**SUPPLIED RECORDS:**
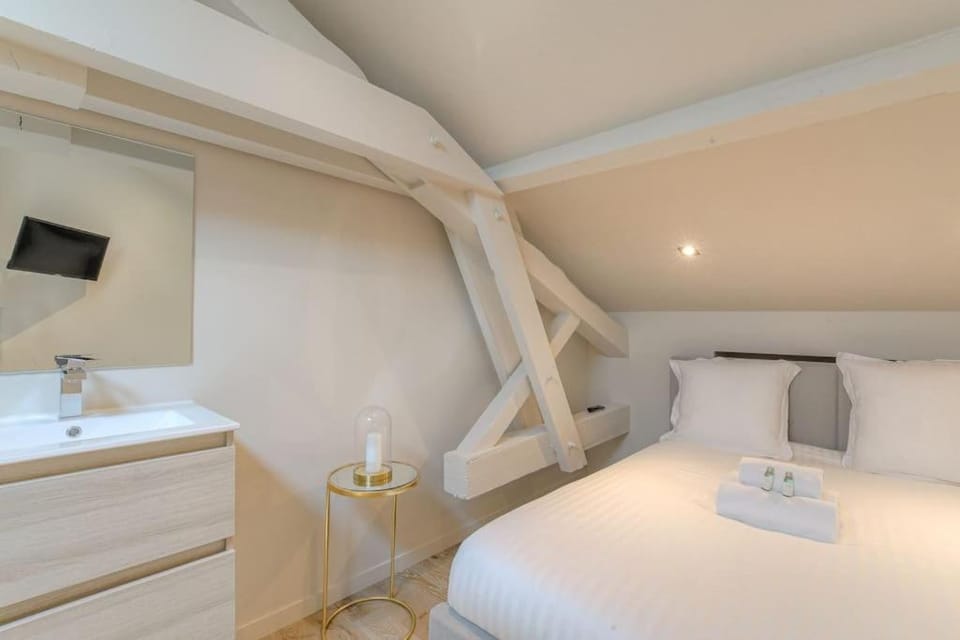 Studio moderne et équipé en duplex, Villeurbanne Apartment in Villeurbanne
--
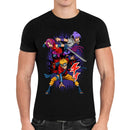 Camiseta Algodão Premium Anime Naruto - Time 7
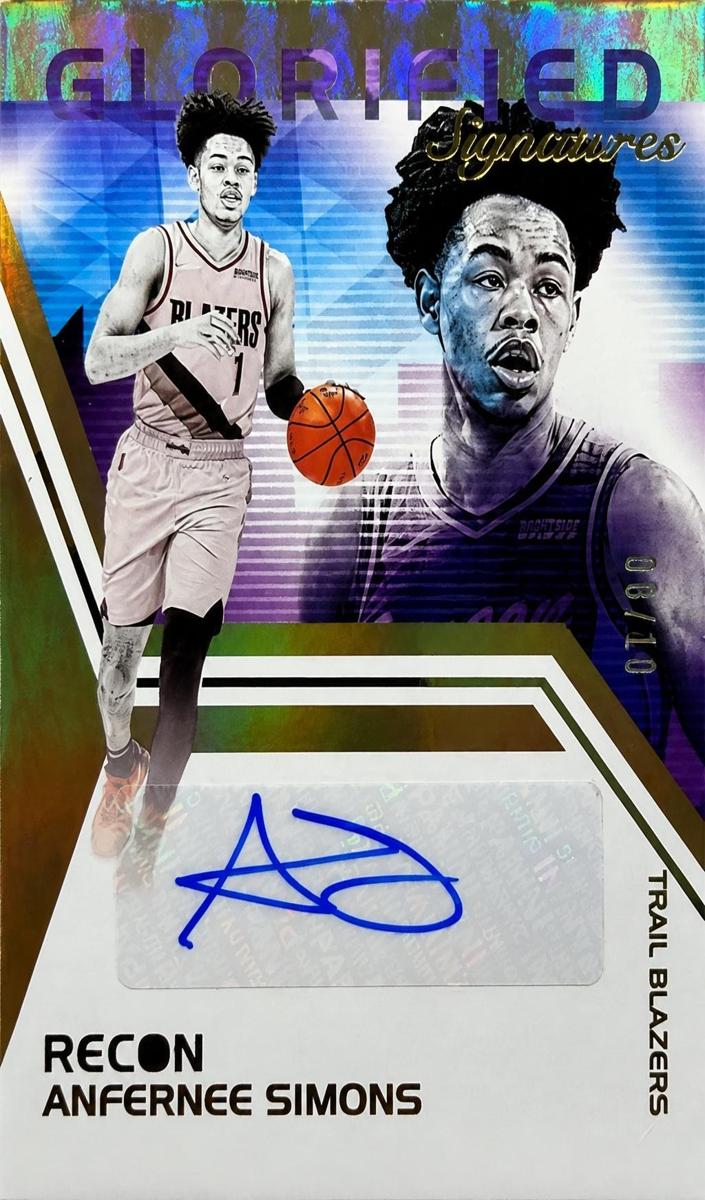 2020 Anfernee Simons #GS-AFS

**BRIEF:** Using the data above, copy exactly the lines from the one containing "Camiseta Algodão Premium" to the one containing "2020 Anfernee Simons #GS-AFS", inclusive. Exclude the pictures.

**EXERCISE OUTPUT:**
 Camiseta Algodão Premium Anime Naruto - Time 7
 2020 Anfernee Simons #GS-AFS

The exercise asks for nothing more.